Hong Kong’s economy is set to expand at the fastest pace in three years, even as the winding back of US monetary stimulus adds to the risk of volatility in capital flows, the government said.
Growth may be between 3 percent and 4 percent, Hong Kong Financial Secretary John Tsang (曾俊華) said in his budget speech yesterday, after a 2.9 percent expansion last year.
GDP rose 1.1 percent in the fourth quarter from the previous three months, the fastest pace in a year and matching the median estimate in a Bloomberg News survey of economists.
While Hong Kong also faces the risks associated with a slowdown in China, Tsang has indicated that it is time to shift away from a crisis mentality and to focus more on longer-term policies.
In the budget for the coming year, one-off assistance for citizens such as tax cuts and welfare payments totaled about HK$20 billion (US$2.6 billion) down from HK$33 billion in the previous document.
“The growth forecast of 3 percent to 4 percent is achievable due to a robust domestic demand and a pickup in investment,” Hang Seng Bank Ltd (恒生銀行) economist Ryan Lam said in Hong Kong.
Hong Kong’s economy grew 1.5 percent in 2012, down from the 4.8 percent pace in 2011 and a 6.8 percent expansion in 2010, when the territory was surging back from the global financial crisis, Bloomberg data showed.
Yesterday’s package included one-off measures such as property-rate waivers, tax cuts and social-security payments.
The US Federal Reserve said in December last year that it would start reducing the monthly pace of its asset purchases, citing progress toward its goal of full employment.
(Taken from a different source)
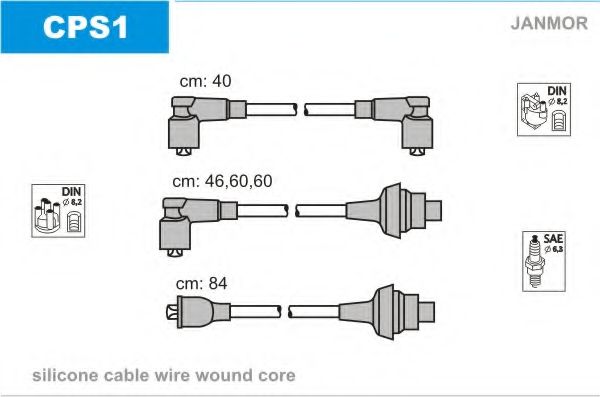 Комплект проводов зажигания JANMOR CPS1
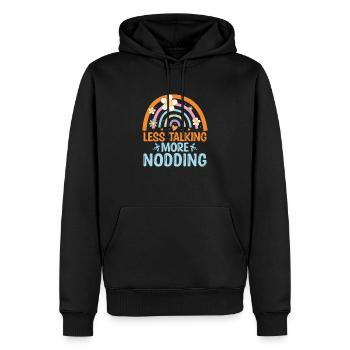 Moins de paroles, plus de hochements de tête pour les introvertis - Sweat à capuche Premium bio Homme - noir - Devant - Nico (187cm)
It announced a US$10 billion reduction that month, followed by a cut of the same size last month, to US$65 billion.
Fed Chair Janet Yellen this month pledged to scale back stimulus in “measured steps.”
While Tsang yesterday described the Chinese economy as “robust,” investors are focused on credit-market stresses including the risk of defaults by high-yield trust products.
Hong Kong’s Hang Seng Index has fallen about 4 percent this year, amid concern that China’s slowdown will deepen. The gauge was up 0.2 percent yesterday as of the morning break in trading.
“The slowdown in China’s growth will impact Hong Kong’s economy,” Lily Lo, a Hong Kong-based economist at DBS Group Holdings Ltd, said before yesterday’s data and budget speech.
Barring external shocks, Hong Kong can maintain full employment this year, Tsang said, adding that tourism and infrastructure projects will help to fuel domestic consumption.